Oben gut drauf.DIE KOMBILÖSUNG BEWEGT MICH

Das Land Baden-Württemberg beteiligt sich an der Finanzierung der Kombilösung

Das Land Baden-Württemberg wird sich an der Finanzierung der Kombilösung beteiligen. "Die heutige Kabinettsentscheidung ist der Durchbruch bei der nachhaltigen Entwicklung des öffentlichen Personennahverkehrs in Karlsruhe und in der gesamten TechnologieRegion Karlsruhe", wertet Karlsruhes Oberbürgermeister Heinz Fenrich den aktuellen landespolitischen Beschluss, den die Ministerrunde bei ihrer Sitzung in Eppingen gefasst hat. "Das Karlsruher Modell ist ein weltweites Vorzeigemodell", unterstrich das Stadtoberhaupt bei einer kurzfristig anberaumten Pressekonfernez im Karlsruher Rathaus, zu der auch Baden-Württembergs Innenminister Heribert Rech eigens in die Fächerstadt gekommen war. Fenrich weiter: "Das Karlsruher Modell ist auch ein Imagefaktor für den Hightechstandort Baden-Württemberg, von dem das gesamte Land profitiert".

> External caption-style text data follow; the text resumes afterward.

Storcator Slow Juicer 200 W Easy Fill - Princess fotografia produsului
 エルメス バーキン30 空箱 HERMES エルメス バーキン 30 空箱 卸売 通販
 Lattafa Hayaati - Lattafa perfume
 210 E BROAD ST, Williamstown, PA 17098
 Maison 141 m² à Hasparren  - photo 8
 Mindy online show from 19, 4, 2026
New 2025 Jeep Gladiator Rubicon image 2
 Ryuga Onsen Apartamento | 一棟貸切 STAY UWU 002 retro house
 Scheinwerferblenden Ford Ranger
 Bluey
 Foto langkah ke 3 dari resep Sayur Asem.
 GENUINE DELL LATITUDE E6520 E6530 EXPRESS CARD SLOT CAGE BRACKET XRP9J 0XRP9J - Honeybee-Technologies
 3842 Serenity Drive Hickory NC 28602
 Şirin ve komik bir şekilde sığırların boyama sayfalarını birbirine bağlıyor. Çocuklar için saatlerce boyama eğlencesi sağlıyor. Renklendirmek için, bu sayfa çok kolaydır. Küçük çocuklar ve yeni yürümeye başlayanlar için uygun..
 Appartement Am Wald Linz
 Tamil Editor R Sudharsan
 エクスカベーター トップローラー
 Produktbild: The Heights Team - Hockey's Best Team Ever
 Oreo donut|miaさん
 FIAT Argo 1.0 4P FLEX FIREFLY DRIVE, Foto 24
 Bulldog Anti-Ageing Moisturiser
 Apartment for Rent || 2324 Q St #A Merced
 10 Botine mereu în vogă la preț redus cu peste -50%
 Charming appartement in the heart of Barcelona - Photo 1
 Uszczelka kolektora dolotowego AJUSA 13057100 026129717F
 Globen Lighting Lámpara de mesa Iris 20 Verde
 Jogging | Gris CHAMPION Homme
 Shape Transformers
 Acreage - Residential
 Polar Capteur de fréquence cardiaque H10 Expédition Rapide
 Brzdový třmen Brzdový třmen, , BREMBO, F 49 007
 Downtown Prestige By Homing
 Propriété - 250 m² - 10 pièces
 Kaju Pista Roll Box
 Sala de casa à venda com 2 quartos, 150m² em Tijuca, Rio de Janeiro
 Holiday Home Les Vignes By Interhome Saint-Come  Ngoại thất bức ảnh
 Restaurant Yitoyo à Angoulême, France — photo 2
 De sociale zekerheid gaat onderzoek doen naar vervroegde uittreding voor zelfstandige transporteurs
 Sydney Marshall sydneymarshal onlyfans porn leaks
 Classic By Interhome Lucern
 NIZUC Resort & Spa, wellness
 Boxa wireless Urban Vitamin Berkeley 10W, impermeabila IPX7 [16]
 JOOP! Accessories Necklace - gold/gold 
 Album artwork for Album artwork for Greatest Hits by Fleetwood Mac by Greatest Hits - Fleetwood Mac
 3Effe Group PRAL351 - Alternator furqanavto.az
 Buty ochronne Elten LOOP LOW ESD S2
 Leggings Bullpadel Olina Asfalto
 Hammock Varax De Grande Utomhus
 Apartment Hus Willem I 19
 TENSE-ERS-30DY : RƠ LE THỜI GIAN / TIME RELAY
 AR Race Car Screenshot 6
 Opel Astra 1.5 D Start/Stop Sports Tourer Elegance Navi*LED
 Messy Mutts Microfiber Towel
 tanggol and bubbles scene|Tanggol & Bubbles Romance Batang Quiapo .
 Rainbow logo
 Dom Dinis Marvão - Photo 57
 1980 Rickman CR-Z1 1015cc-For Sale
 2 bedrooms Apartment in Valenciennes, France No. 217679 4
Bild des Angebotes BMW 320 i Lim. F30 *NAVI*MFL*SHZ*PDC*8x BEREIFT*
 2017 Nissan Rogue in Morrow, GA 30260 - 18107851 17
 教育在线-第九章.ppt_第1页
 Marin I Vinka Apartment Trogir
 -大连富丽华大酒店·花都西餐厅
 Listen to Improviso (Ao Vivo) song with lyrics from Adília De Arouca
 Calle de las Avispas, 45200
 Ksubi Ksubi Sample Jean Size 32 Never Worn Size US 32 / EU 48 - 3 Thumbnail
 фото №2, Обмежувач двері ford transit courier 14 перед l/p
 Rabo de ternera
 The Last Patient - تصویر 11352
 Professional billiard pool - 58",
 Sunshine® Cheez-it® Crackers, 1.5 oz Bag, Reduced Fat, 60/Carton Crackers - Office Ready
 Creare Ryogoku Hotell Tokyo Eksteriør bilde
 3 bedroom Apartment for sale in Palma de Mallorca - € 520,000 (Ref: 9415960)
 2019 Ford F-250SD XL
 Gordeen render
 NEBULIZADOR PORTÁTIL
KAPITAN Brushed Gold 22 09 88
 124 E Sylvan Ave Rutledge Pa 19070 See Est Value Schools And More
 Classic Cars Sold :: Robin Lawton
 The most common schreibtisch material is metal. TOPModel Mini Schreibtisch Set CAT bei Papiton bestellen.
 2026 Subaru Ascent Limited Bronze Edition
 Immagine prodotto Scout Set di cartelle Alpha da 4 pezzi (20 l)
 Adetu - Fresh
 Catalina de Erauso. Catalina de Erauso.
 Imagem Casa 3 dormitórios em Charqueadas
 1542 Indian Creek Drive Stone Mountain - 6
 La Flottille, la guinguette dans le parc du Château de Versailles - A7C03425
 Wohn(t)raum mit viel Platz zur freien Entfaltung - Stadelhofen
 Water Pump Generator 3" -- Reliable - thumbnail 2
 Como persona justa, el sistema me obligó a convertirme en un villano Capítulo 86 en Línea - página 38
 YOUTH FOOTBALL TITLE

Mit dem Beschluss sagt die Landesregierung zu, die Kombilösung mit derzeit geschätzten Gesamtkosten von rund 500 Millionen Euro ab 2010 in zwölf Jahresraten von jeweils 8,4 Millionen Euro zu fördern.

Die Zusage erfolgt unter den üblichen Fördervoraussetzungen, wie zum Beispiel Vorliegen aller erforderlichen baurechtlichen Genehmigungen, Abschluss der fachtechnischen Prüfung durch das Land, Billigung dieser durch den Bund, Feststellung der Förderfähigkeit, positive Nutzen-Kosten-Untersuchung und gesicherter Finanzierungsanteil des Bundes.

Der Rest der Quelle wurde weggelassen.